The lead-up to the liquidation of a company can be incredibly stressful and worrying for the directors and the liquidation itself can be a lengthy process with many issues along the way.
However, liquidating a failing company does give an opportunity for a fresh start. Once a company is dissolved it gives the owner-director a clean slate to start again with a new company.
Many people choose to go down this route to try and fix the errors of the previous venture and succeed where they had once failed.
Usually owner-directors will choose to trade under the same name as the previous company. This is commonly because even with its previous failures the name may still carry some goodwill or the company name may be based on a family name.
However, serious caution should be taken in doing this. Section 216 of the Insolvency Act 1986 prohibits the re-use of a company’s name (or a similar name) where the company has gone into insolvent liquidation.
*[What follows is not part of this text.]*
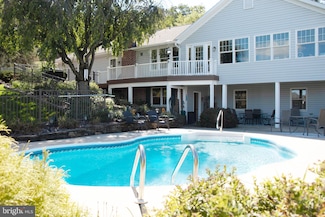 1145 Brownstone Ridge, New Holland, PA 17557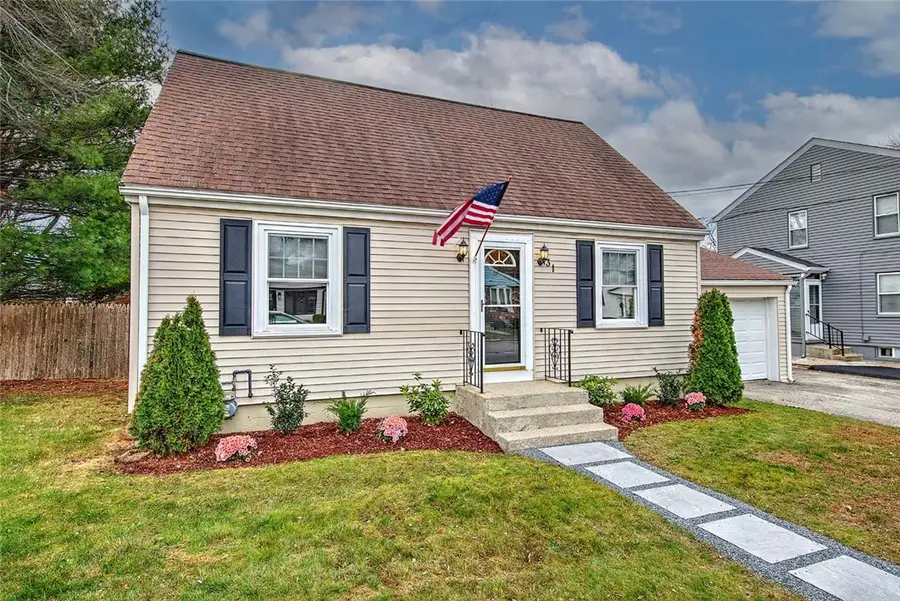 31 Columbus Avenue, North Providence, RI 02911 - Image #2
This is to stop rogue traders from piling up debt and then transferring the assets, premises, employees and alike to a new company leaving the debts of the old company behind.
The new company would therefore rise from the ashes of the old company and hence the common term “phoenix companies”.
The consequences of breaching s216 are severe and can be both criminal as well as civil.
A director found to be operating a phoenix company can be liable for any debts of the new company and could also receive a custodial sentence.
It is possible to re-use a company name provided the requisite procedures are followed.
It is therefore imperative to take legal advice following liquidation of a company to make sure the requirements are properly satisfied and a new company can be set up and ran properly.